» **TASK PROMPT**
Copy out all the lines of the data precisely, omitting any pictures.

» **DATA EXTRACT**
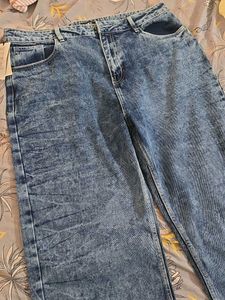 Wide Leg Acid Wash Jeans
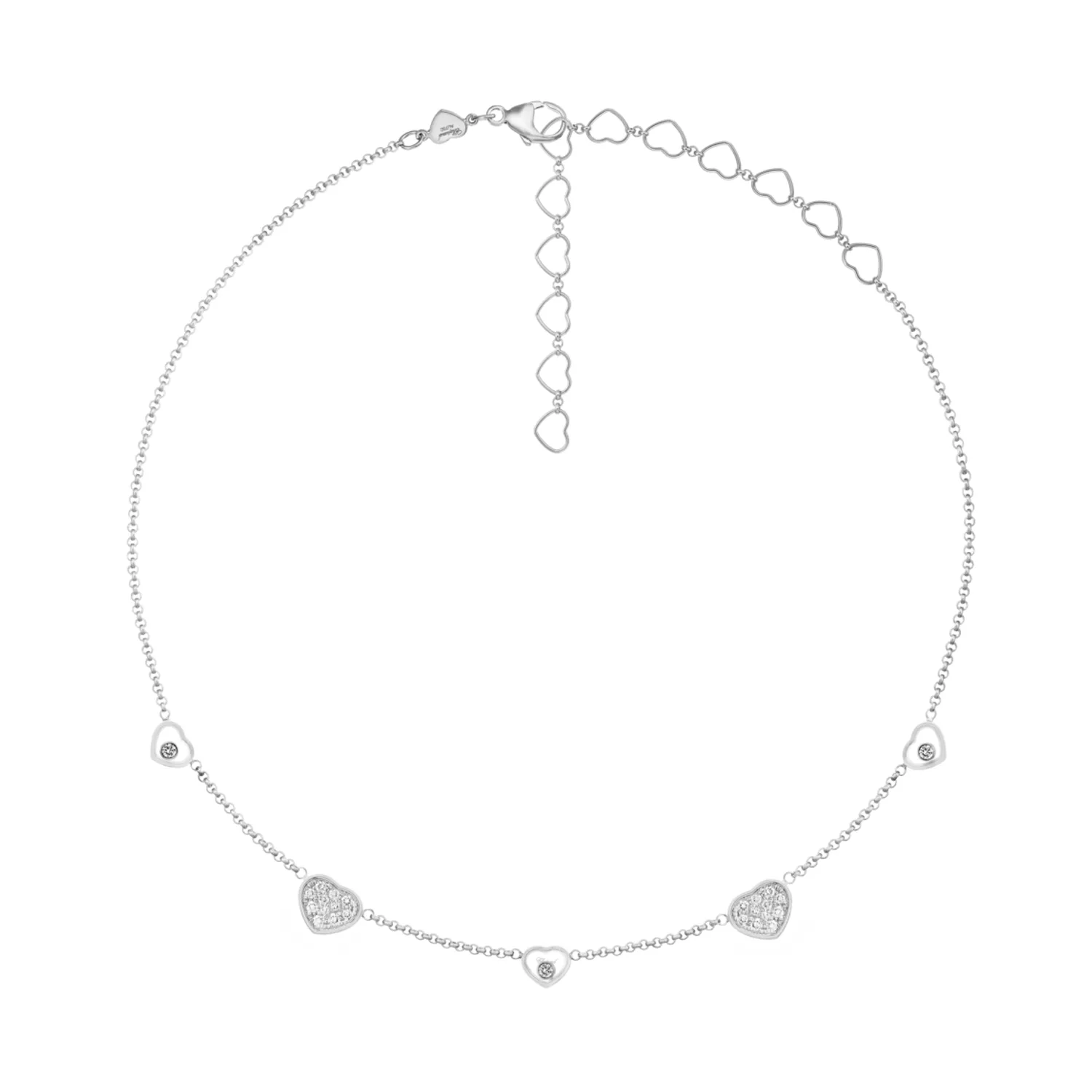 Collier MY HAPPY HEARTS 5 Coeurs asymétriques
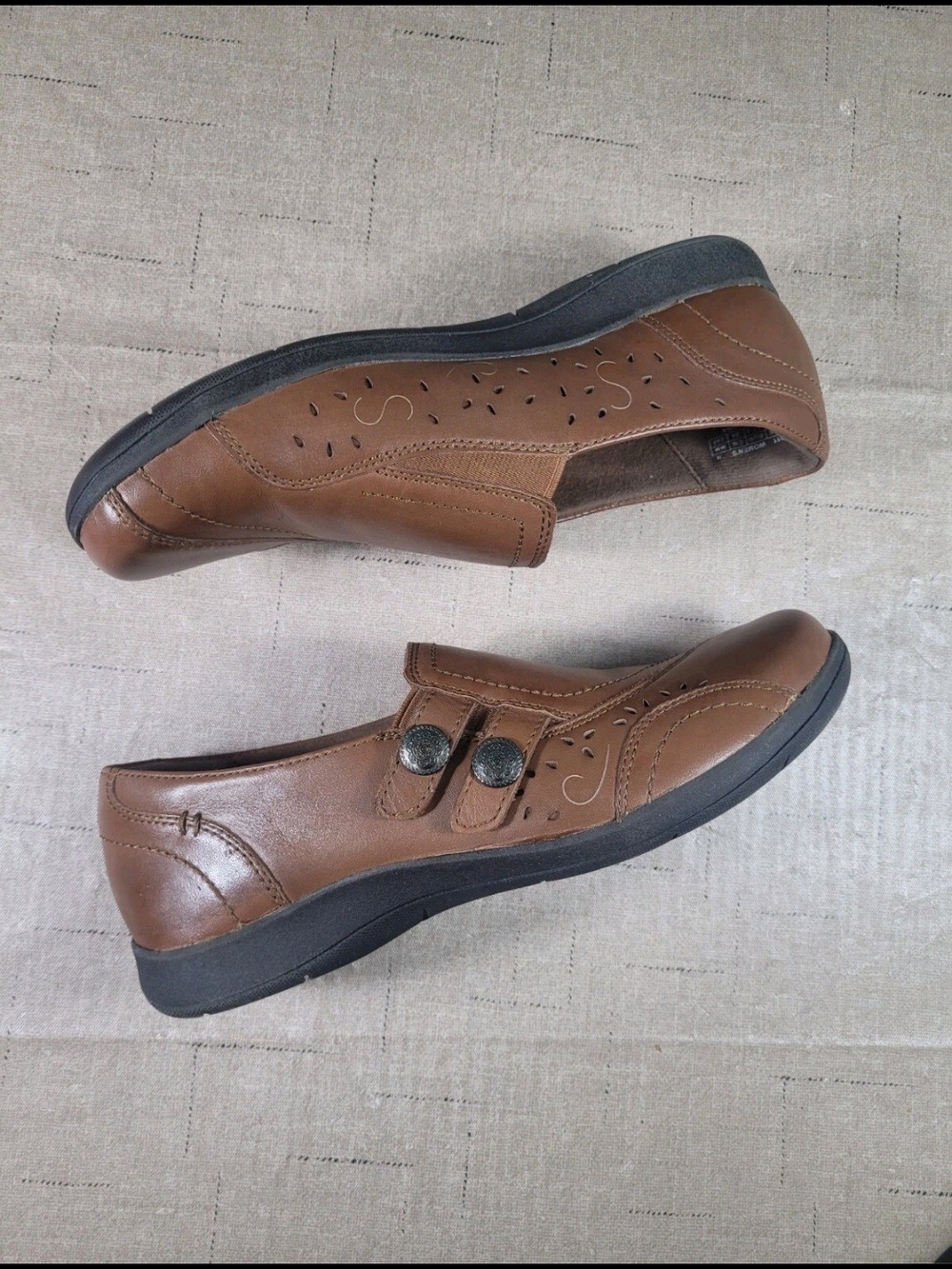 Rockport Women's Size 7 M Daisey Brown Leather Loafers Shoes Slip-On (49) - Picture 7 of 9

» **PROBLEM SOLUTION**
 Wide Leg Acid Wash Jeans
 Collier MY HAPPY HEARTS 5 Coeurs asymétriques
 Rockport Women's Size 7 M Daisey Brown Leather Loafers Shoes Slip-On (49) - Picture 7 of 9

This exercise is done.